Jetzt würde ich gerne wissen wie die Kombination WoW und Unitymedia so funktioniert.
Sind größere Probleme zu erwarten? Lags? Sonstwas?

LG, Thorolf


P.S.: Gibts bei denen ein Kabelmodem mit WLan? Komm erst am Montag in den Laden um zu fragen.


----------



## Wagga (14. März 2009)

Mit Routerkauf würde ich erstmals warten i.d.R. bekommste den vom ISP gestellt und die meisten haben standartmäßig WLAN intigriert.
Der Unterschied Modem Router ist der:
Modem kann nur 1 PC verwalten Router kann mehrere verwalten. + WLAN
Modems sterben so langsam aus, da der billigste Router mehr kann als das teuerste Modem.
Und ein Router kann man auch im Modemmodus laufen lassen.
MFG,Wagga


----------



## Dracun (14. März 2009)

wenn das haus in dem deine neue whg is neue kabelleitungen hat dann gibte s keine probs...bin selbst bei unitymedia  und kann nru sagen wenn die drecks leitungen von diesem verkaggten haus net so verhunzt wären bzw so uralt ..hätte i keine probs hier 


			Dieser Inhalt steht nur eingeloggten Mitgliedern zur Verfügung.
        



udn du wirst eine Motorola KabelModem bekommen sowie einen Netgear Router WGR614  und wenn du dat TV noch dabei hast kommt noch en Digital reciever dazu^ bringt der Techniker mit wenn des installiert wird


----------



## Wagga (14. März 2009)

Die installation wird aber denke ich extra kosten oder?
I.d.R. kommt das Paket per Post und du musst es selbst anschließen.
Zugangsdaten rein in die Netzwerkumgebung eingeben,
Fertig, willkommen im WWW!


----------



## Dracun (14. März 2009)

Wagga schrieb:


> Die installation wird aber denke ich extra kosten oder?
> I.d.R. kommt das Paket per Post und du musst es selbst anschließen.
> Zugangsdaten rein in die Netzwerkumgebung eingeben,
> Fertig, willkommen im WWW!



nix kosten der techniker kommt fuchelt an der kabeldose vom tv rum, schließt dat Motorola Kabelmoden an ...gibt dir die geräte fertig...und nix einwahldaten du schließt den router an dat kabelmoden konfigurierst dat via cd und fertig....kannst hinter her noch via manuell nochd ie firewall regeln einstellen dat wars ... anders hab i auch net gemacht .........

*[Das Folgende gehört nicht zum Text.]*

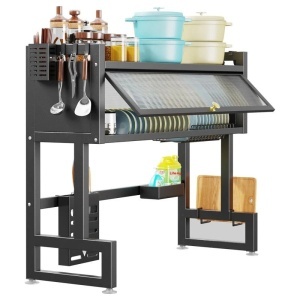 Raft Uscare Vase deasupra Chiuvetei – Suport Metalic Multifunctional cu Scurgator, Tacamuri, Cutite, Tocatoare & Detergent - Img 4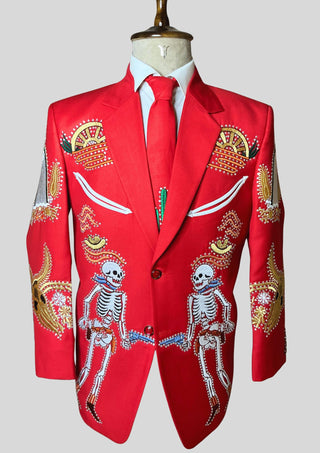 Men’s Red Country Western Skeleton Embroidered 2 Piece Suit Rhinestone Detailing Western Cocktail Party Outfit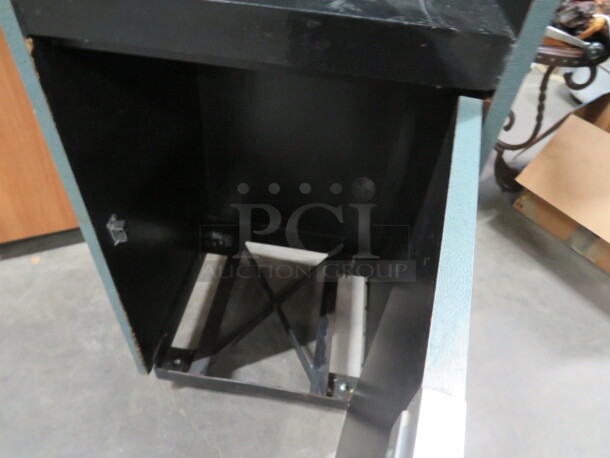 One Green Laminate 1 Door Trash Receptacle With Upper Tray Holder On Casters. 20X20X47 - Image 2 of 2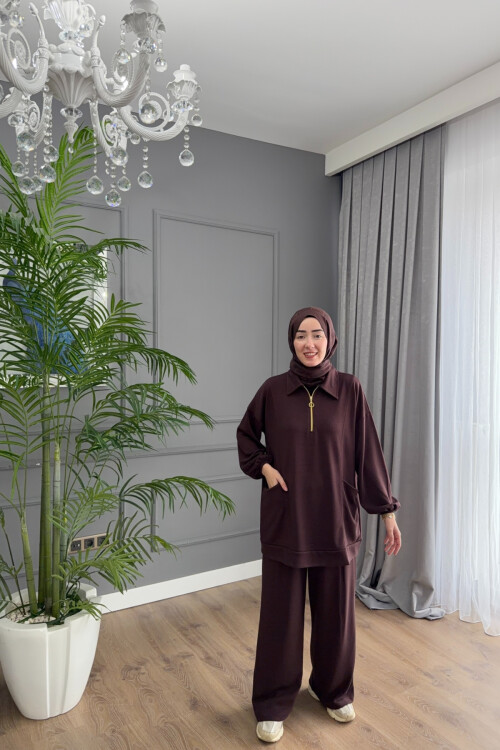 TORBA CEPLİ OYSHO TAKIM 4408 KAHVE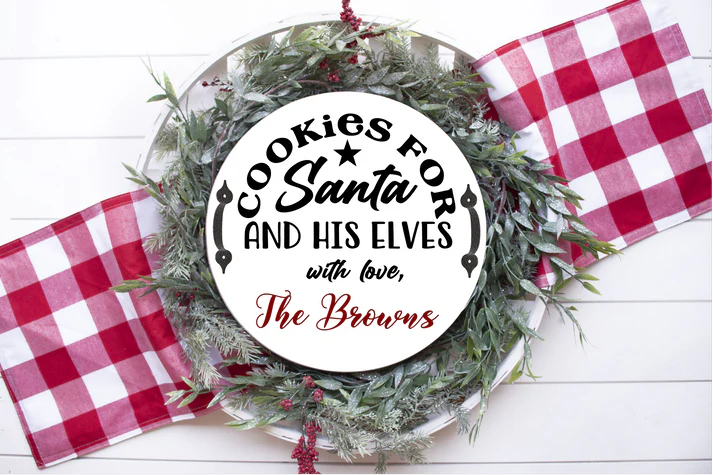 Cookies For Santa Tray - Personalized Name, 18" With Handles
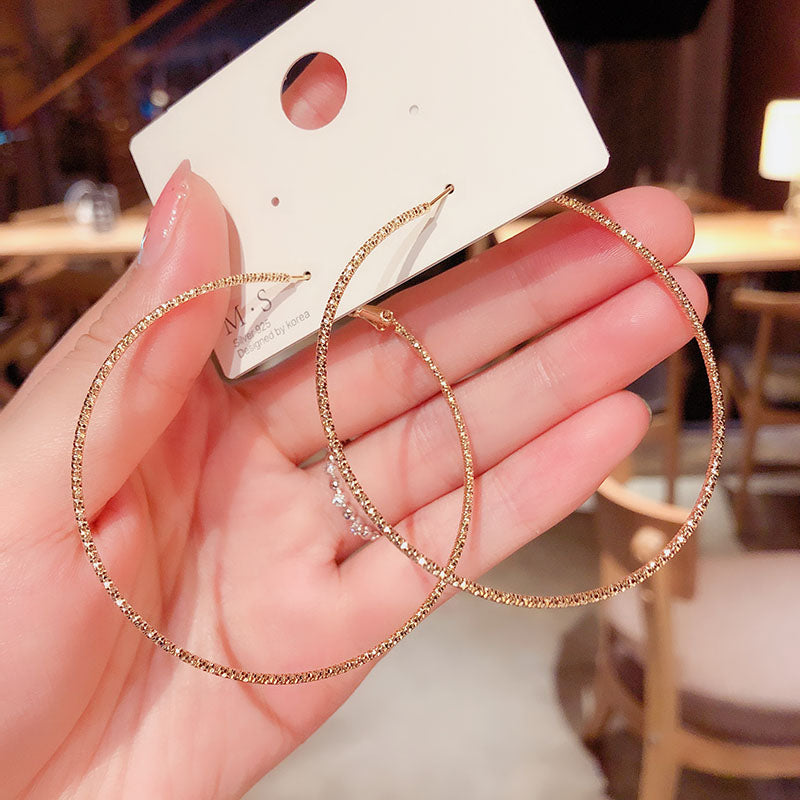 South Korea web celebrity super fairy temperament elegant Hyun fashion fashion earrings delicate purple flowers rose earrings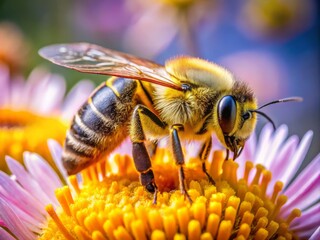 Fototapeta premium Golden light illuminates the intricate details of a honey bee's busy existence as it collects nectar from a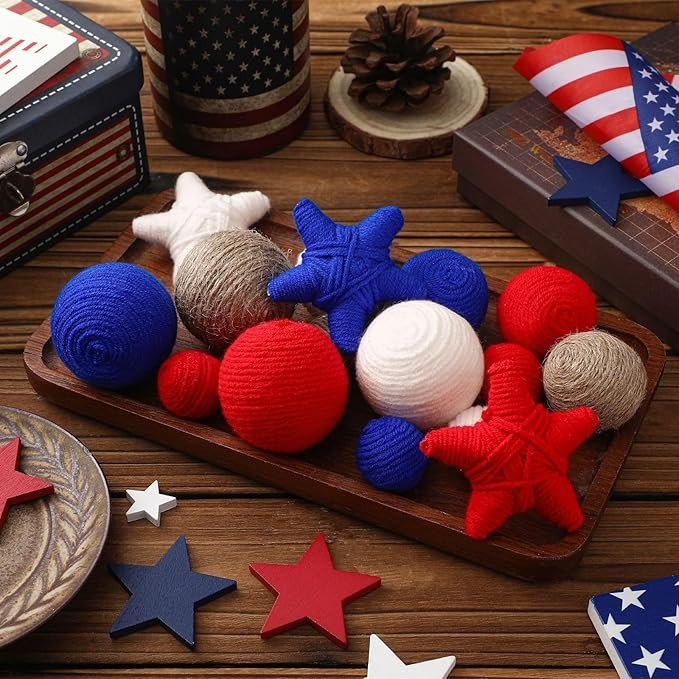 Syhood 16 Pcs 3 Sizes 4th of July Decorative Balls Rustic Patriotic Bowl Filler Red White Blue De... | Amazon (US)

Wie gesagt i bin Unitymedia Kunde und weiß wie die dat machen 


			Dieser Inhalt steht nur eingeloggten Mitgliedern zur Verfügung.


----------



## Celdaro (15. März 2009)

also bei uns funzt WoW und unitymedia ohne probleme, es sei denn jemand läd was runter, da steigt meine latenz bis zu 3k xD
aber sons so 20ms bis 150 ms

(bei uns)


----------



## claet (16. März 2009)

Celdaro schrieb:


> es sei denn jemand läd was runter, da steigt meine latenz bis zu 3k xD



ja aber das ist ja gott sei dank nur bei unitymedia so ..

also ich kann meine leitung zu 100% auslasten, wenn dann arcor merkt, oh der will zocken, dann stellen sie mir soviel bandbreite zur verfügung, dass ich neben dem download weiterzocken kann -.-


----------



## Dracun (16. März 2009)

hmm i saug neben dem zoggen und meine latenz steigt net wirklich...also irgendwie is deine aussage auch net ganz richtig

des kann bei jedem provider passieren 


			Dieser Inhalt steht nur eingeloggten Mitgliedern zur Verfügung.


----------



## Wagga (16. März 2009)

jeder Provider hat mal seine Probleme, das sollte aber nicht die Regel sein und auch keinenfalls eine Dauereinrichtung.
Z.B.: Wir sind von  anfang an bei der Telekom AG.
Wir hatten in den letzten 5 Jahren wenns hoch kommt einen Ausfall von 15 Tagen.
I.d.R. waren es wenns ein Ausfall war am Abend wieder I.O.
Außer ein Bagger hat mal wieder das Kabel in der Straße durchtrennt.
MFG,Wagga


----------



## Asoriel (16. März 2009)

also ich lad auch Sachen im Hintergrund runter, und zwar so schnell wie es die Leitung nur hergibt, und die Latenz steigt um ca. 10-20ms was okay ist.


----------



## claet (17. März 2009)

wie soll das denn funktionieren?

wenn ihr so schnell downloaded wie die leitung hergibt, dann steigt der ping is abnormale .. was auch irgendwie logisch ist. wenn die leitung voll ist mit daten, dann müssen die pakete vom spiel halt mal paar hundert ms warten. 

außerdem, welche leitungen habt ihr, die ihr in euren augen voll auslastet? also ich hab 16k (es kommt etwas mehr an) und die bekomm ich kaum noch ausgelastet. da muss ich schon von einigen servern gleichzeitig was ziehen. früher konnte ich die leitung mit rapidshare voll auslasten. aber die bringen auch nich mehr genug daten für meine leitung.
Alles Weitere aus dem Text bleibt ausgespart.